⑥ The Economy will Thrive Post-AI by Shifting Value to Human-Centric Sectors.
Nathaniel Whittemore outlined economist Alex Imas's argument that AI will push economic value towards sectors that resist automation, like care, relationships, and human presence, leading to a "post-commodity economy" where human qualities are more valuable. (The AI Daily Brief: Artificial Intelligence News and Analysis)
→ Why it matters: The narrative around AI's job impact is often overly negative. Instead of a labor cliff, expect a significant transformation where relational and creative human skills become premium, guiding where future investment and talent development should be directed.
The Signals
🔥 HEATING UP
• AI-as-a-Service: Services that abstract AI complexity now being deployed to handle complex problems like software bug fixes. (NLW on The AI Daily Brief: Artificial Intelligence News and Analysis)
• Custom Models and Post-Training: Companies are leveraging unique user signals to build specialized models, enhancing the application layer persistence. (Tuhin Srivastava on No Priors: Artificial Intelligence | Technology | Startups)
• Relational Sector Economy: As AI commoditizes production, human presence, care, and relationships become more valuable economic drivers. (Nathaniel Whittemore on The AI Daily Brief: Artificial Intelligence News and Analysis)
🆕 ON WATCH
• Qwen Model 🆕: Alibaba's Qwen model has become the most deployed self-hosted model globally, now shifting to an API-only monetized offering. (Jeremie Harris on Last Week in AI)
• Microsoft-OpenAI Partnership Amendments 🆕: Allows OpenAI to serve products on AWS, indicating a broader market reach and a win-win scenario avoiding legal disputes. (NLW on The AI Daily Brief: Artificial Intelligence News and Analysis)

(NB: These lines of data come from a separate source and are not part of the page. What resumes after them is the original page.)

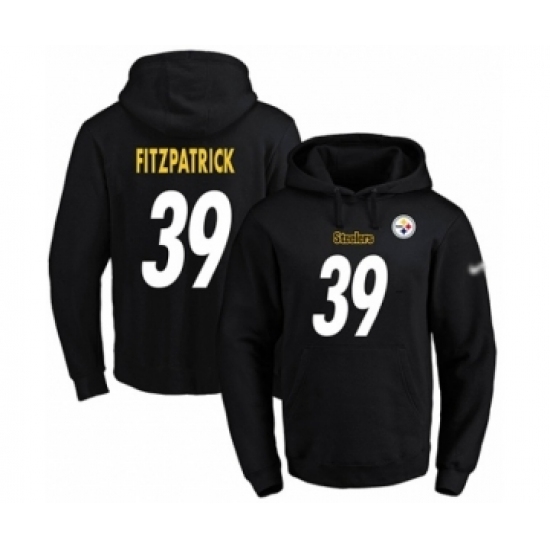 Football Mens Pittsburgh Steelers 39 Minkah Fitzpatrick Black Name Number Pullover Hoodie Football Mens Pittsburgh Steelers 39 Minkah Fitzpatrick Black Name Number Pullover Hoodie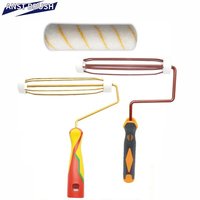 Rouleau à peinture industriel de qualité OEM personnalisé, 10 pouces (250 mm), polyacrylique, tige de 38 mm, démontage rapide, longueur du poil de 11 mm, 3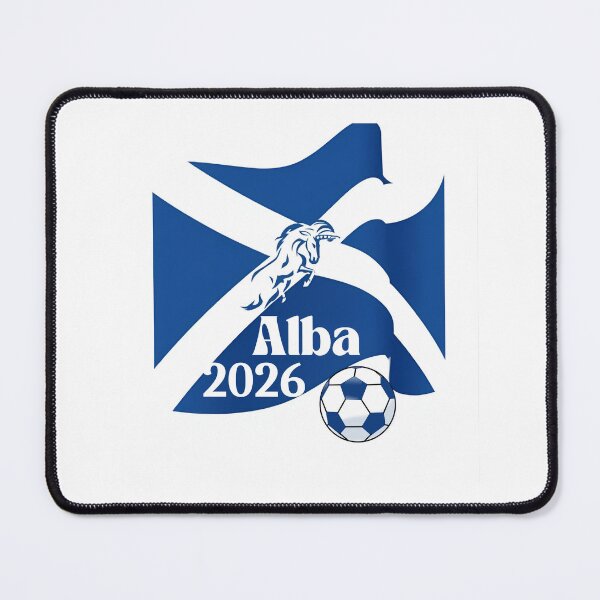 Item preview, Alba Football Pride 2026 – Stylized Unicorn & Saltire Artز designed and sold by printeGear.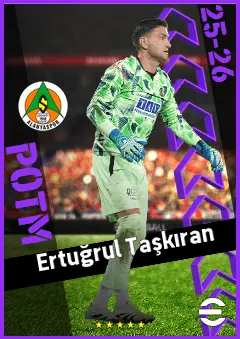 Ertuğrul Taşkıran eFootball 2026 player card, 90 OVR GK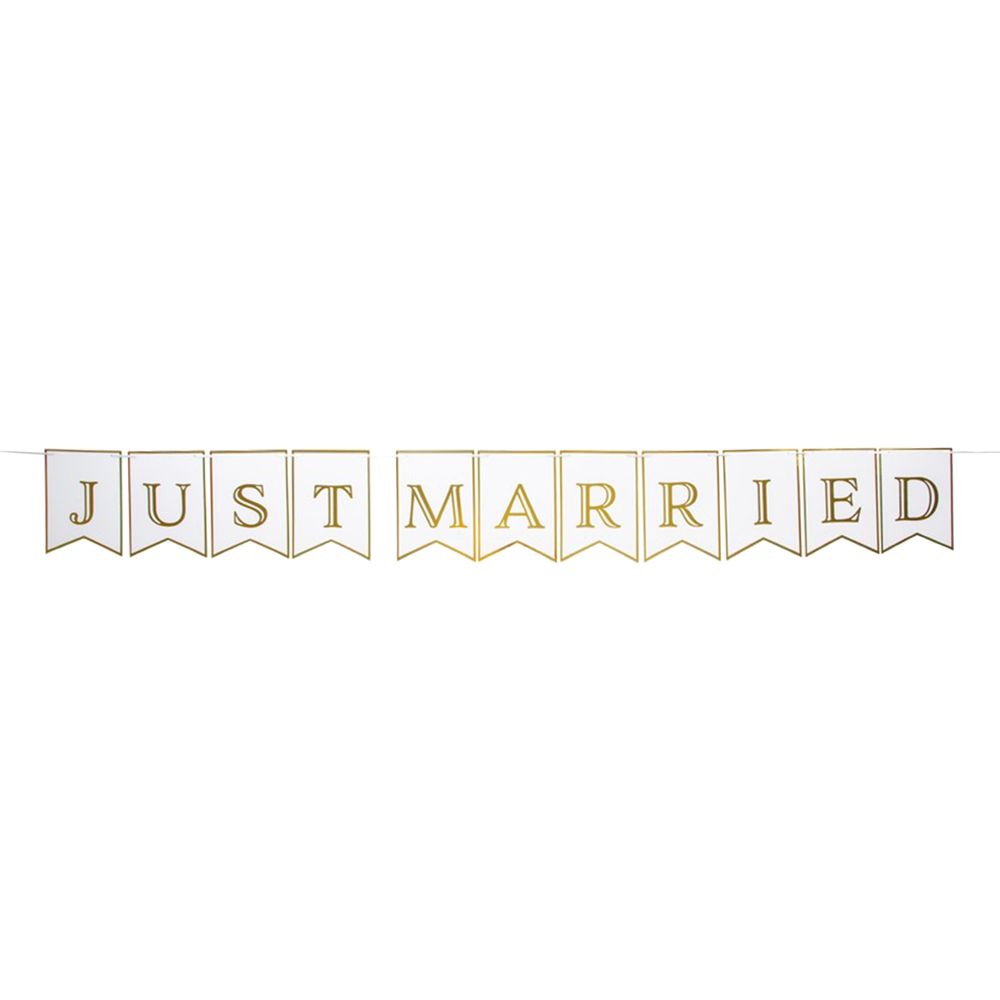 Vimpelguirlande Just Married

• Amazon's Custom Silicon 🆕: Amazon's internal chip development for data centers is implicitly one of the top three globally, with potential for $50B ARR. (NLW on The AI Daily Brief: Artificial Intelligence News and Analysis)
❄️ COOLING OFF
• Enterprise AI Incumbency: NLW argued that incumbency is less valuable in AI, as enterprises seek direct relationships with leading model labs over established vendors. (The AI Daily Brief: Artificial Intelligence News and Analysis)
• ChatGPT App Integrations: Initial integrations, like Starbucks' ChatGPT app, are clunky and in early stages, signaling slower than expected widespread adoption. (Andrey Kurenkov on Last Week in AI)

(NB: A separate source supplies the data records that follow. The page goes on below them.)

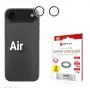 Displex vidro premium para lentes da câmara, iPhone Air, 10H, anéis individuais, DLC, transparente, Quick Mount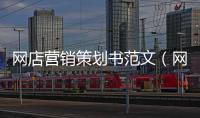 網(wǎng)店營銷策劃書范文（網(wǎng)店營銷策劃方案）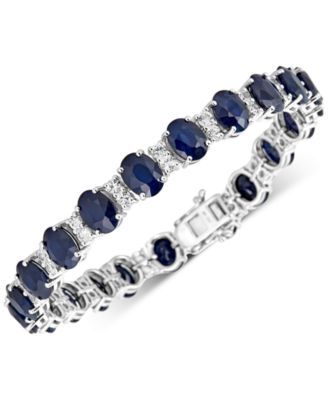 macy's sapphire and diamond bracelet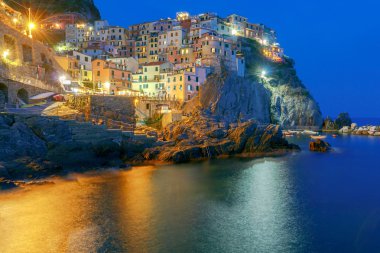Manarola. Kaya Köyü.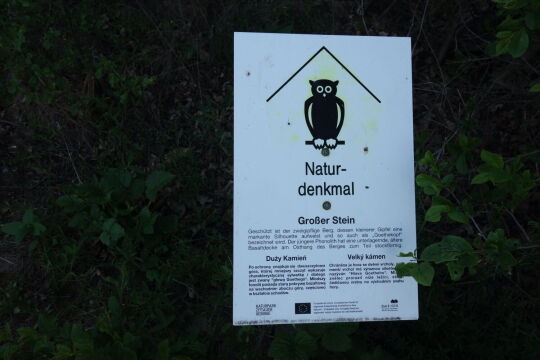 Infotafel am Großen Stein bei Spitzkunnersdorf.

• Top-Down AI Regulation: UL Solutions' CEO Jennifer Scanlon suggested that top-down regulation is less effective than industry-driven standards. (Decoder with Nilay Patel)
The Debate
AI safety regulation: top-down vs. industry-led standards.
🐂 The bull case:Jennifer Scanlon, CEO of UL Solutions, argues that industry groups and standards development organizations are best positioned to create effective safety standards, implicitly countering top-down governmental regulation by emphasizing real-world expertise and a quicker response to innovation. (Decoder with Nilay Patel)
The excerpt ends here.